• Your assignment
Which lines below fall between the one containing "Η είσοδος των" and the one containing "Runder ausziehbarer Mid-Century"? Repeat them exactly, counting both of those lines, and add nothing else.
Segment Start: Records shown
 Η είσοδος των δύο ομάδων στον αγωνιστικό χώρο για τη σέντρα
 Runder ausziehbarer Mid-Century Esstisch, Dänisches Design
Segment End: Records shown
Segment Start: Records shown
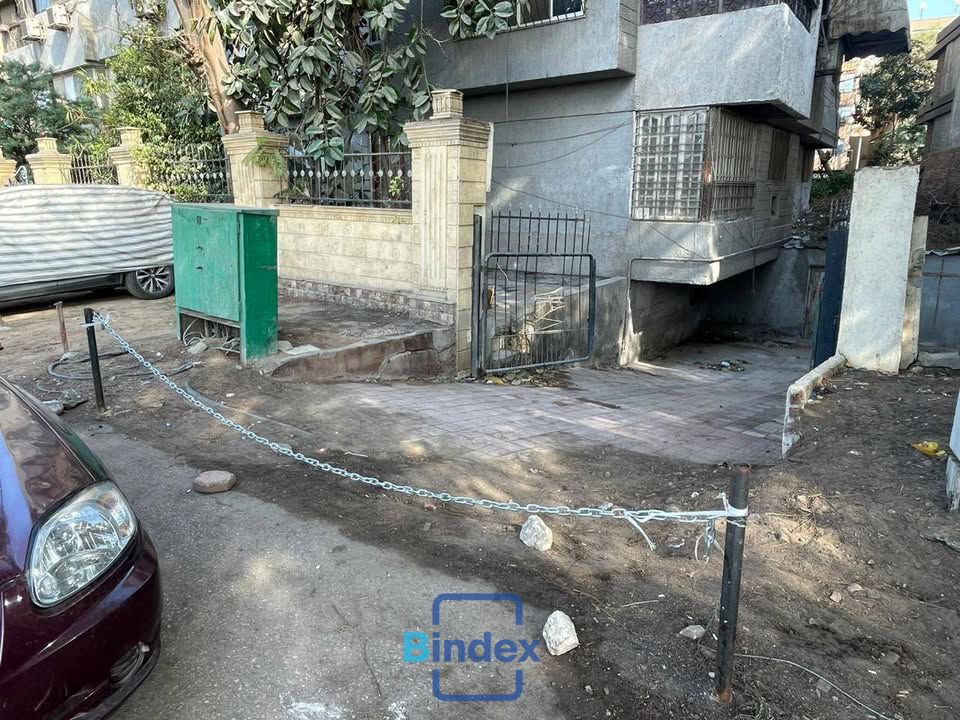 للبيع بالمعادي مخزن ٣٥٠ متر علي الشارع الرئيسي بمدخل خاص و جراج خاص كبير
Segment End: Records shown
• Written reply
 Η είσοδος των δύο ομάδων στον αγωνιστικό χώρο για τη σέντρα
 Runder ausziehbarer Mid-Century Esstisch, Dänisches Design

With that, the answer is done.